> You would need another function that builds objects out of them. I.e. you ...

> You would need another function that builds objects out of them.

I.e. you don't bundle your serialiser with your json parser. I think that's a good idea. How do you customise? most likely a callback that builds an object or returns the json fragment unmodified if it can't. It can be streamed too in order to accumulate / rebuild fragments of the tree.

Whether object is simpler here (builder / factory style), or another generator, that's a matter of taste mostly.

> For instance if you want to skip past objects.

You can't skip past objects at a tokenizer level, unless you implement logic of skipping whole structure. But that's what the parser does. Why don't you just skip the objects based on the streaming API? You don't have to construct them first - it's up to your deserialiser implementation if you want to ignore parts of the structure.

> Try using a streaming JSON API like Twitter's firehose.

From the documentation (unless I'm reading the wrong format description):

"""The body of a streaming API response consists of a series of newline-delimited messages, where "newline" is considered to be \r\n (in hex, 0x0D 0x0A) and "message" is a JSON encoded data structure or a blank line."""

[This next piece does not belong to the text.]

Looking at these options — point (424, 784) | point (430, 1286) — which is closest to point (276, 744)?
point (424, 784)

That's not a huge JSON document. They use the newline delimiter as you described later. I don't think that's because "most libraries are horrible or useless for parsing streamed JSON". Why would you ever want to stream JSON which is an infinite and never complete object? What's wrong about splitting by newline? By making newlines the message separators, you'll never have to worry that your stream becomes broken due to some parsing error: bad message? ignore it skip to newline, continue with next one.